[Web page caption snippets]

■ ■ ■ ■

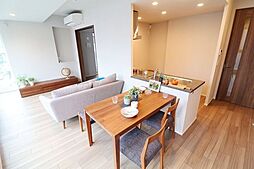 リビング/ダイニングの画像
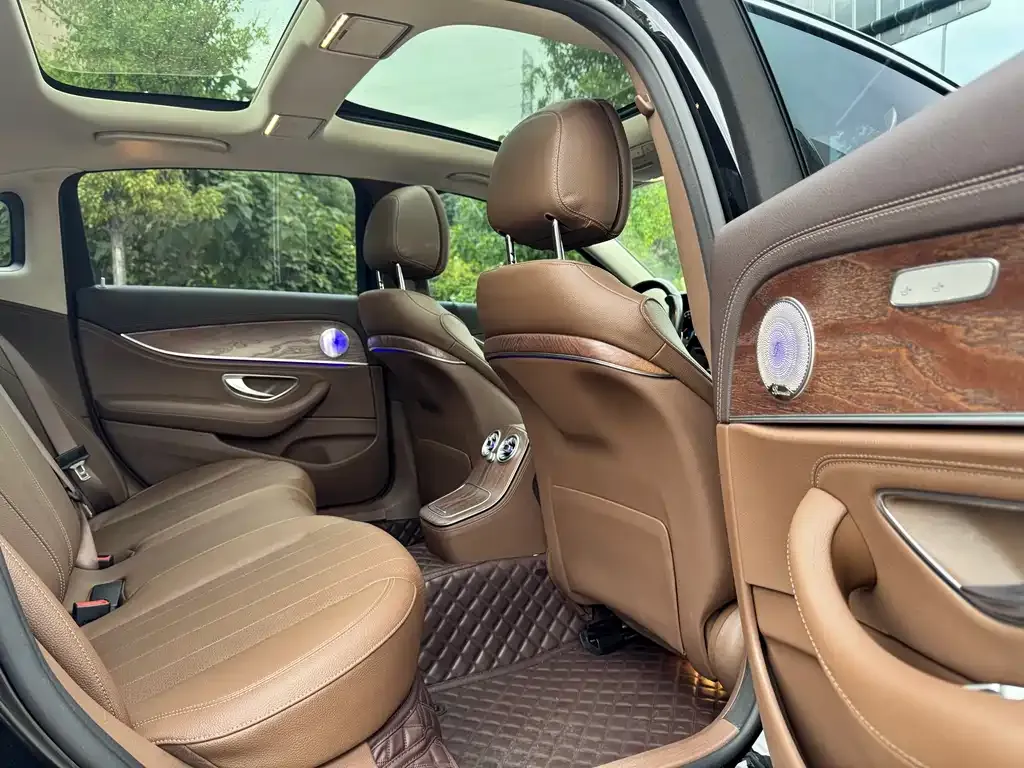 Mercedes-Benz E-Class 2023 из CN, фото 9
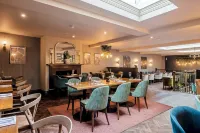 The George Hotel Hotels in Myland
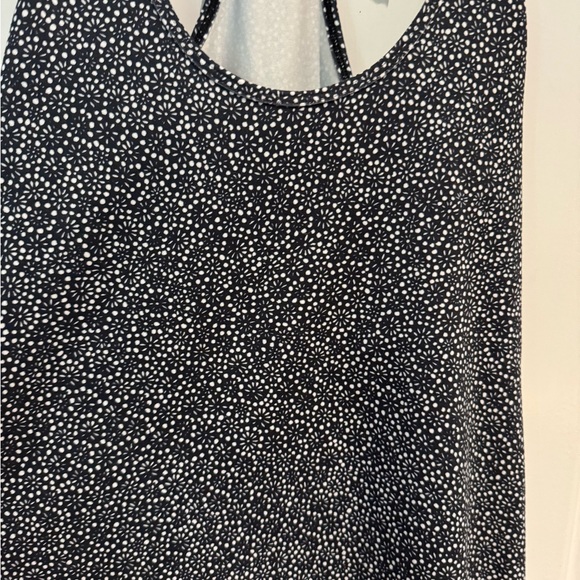 Lululemon Black white Geo Athletic Tank - Picture 4 of 4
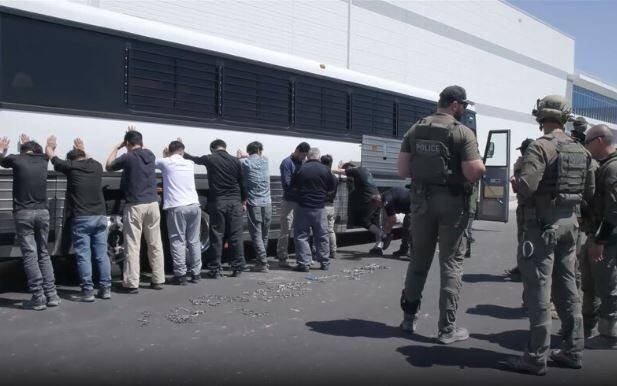 미국 이민 단속 당국이 지난 9월4일 조지아주 현대차그룹-엘지(LG)에너지솔루션의 합작 배터리 공장 건설 현장에서 벌인 불법체류·고용 단속 현장 영상을 누리집을 통해 공개했다. 미국 이민세관단속국(ICE) 누리집 영상 갈무리/연합뉴스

■ ■ ■ ■

*WHAT THE TASK REQUIRES*
Print again, word for word, every line from the line with "Mercedes-Benz E-Class 2023 из CN, фото 9" to the final line of the records, inclusive; skip the pictures.

*OUTPUT FOR THIS TASK*
 Mercedes-Benz E-Class 2023 из CN, фото 9
 The George Hotel Hotels in Myland
 Lululemon Black white Geo Athletic Tank - Picture 4 of 4
 미국 이민 단속 당국이 지난 9월4일 조지아주 현대차그룹-엘지(LG)에너지솔루션의 합작 배터리 공장 건설 현장에서 벌인 불법체류·고용 단속 현장 영상을 누리집을 통해 공개했다. 미국 이민세관단속국(ICE) 누리집 영상 갈무리/연합뉴스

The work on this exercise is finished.